Fortapàsc

Publié le par Patrick Braganti



Biopic des derniers mois de la jeune existence du journaliste italien Giancarlo Siani assassiné en 1985 à l’âge de 26 ans par la Camorra pour avoir mis à jour les liens de corruption entre celle-ci et les politiciens locaux dans une bourgade près de Naples,  Fortapàsc est un film globalement sans inventivité de mise en scène, peinant à trouver le souffle et le lyrisme inhérents à son sujet. A force de dessiner à gros traits le portrait d’un jeune homme tout à fait ordinaire, d’abord dépassé puis accaparé par les événements sur lesquels il enquête, le réalisateur Marco Risi, qui n’est autre que le fils de Dino (Parfum de femme, Les Nouveaux Monstres et Fantôme d’amour constituant les œuvres émergentes d’une longue carrière), ne parvient pas à rendre crédible la vocation soudaine de ce grand adolescent, sorte de Tintin napolitain sympathique, mais sans relief.

 

À l’inverse, les différents clans de la Camorra locale, qui s’entre-déchirent le pouvoir à coup d’éliminations brutales, apparaissent caricaturaux, joués par des comédiens donnant l’impression d’en faire des tonnes. La bêtise suintée par ces petits malfrats orgueilleux et vaniteux s’accorde au final assez mal avec leur sphère d’autorité despotique présumée. Autrement dit, compte tenu de l’image folklorique, à la violence, exagérée et complaisamment mise en scène, que le cinéaste donne des mafiosi, on finit par douter de leur capacité à exercer et conserver la mainmise sur la ville et ses édiles.

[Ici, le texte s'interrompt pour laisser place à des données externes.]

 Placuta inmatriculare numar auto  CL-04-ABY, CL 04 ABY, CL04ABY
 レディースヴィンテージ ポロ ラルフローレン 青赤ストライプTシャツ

Alourdi d’une mièvre bluette (le journaliste et sa petite amie), Fortapàsc ne justifie en rien la convocation référentielle des figures tutélaires Francesco Rosi (Main basse sur la ville en 1963) ou, plus récemment, Matteo Garrone avec l’indépassable Gomorra. Au-delà de la médiocrité manifeste de l’ensemble, recyclant force clichés culturels nationaux (les plats de pâtes, la musique sirupeuse, la drague érigée en art de vivre) juxtaposés à un traitement appuyant avec excès sur la barbarie des truands, on retiendra avant tout l’aspect documentaire du film, exposant l’immobilisme des situations, pour ne pas dire leur aggravation endémique et leur pourrissement irréversible.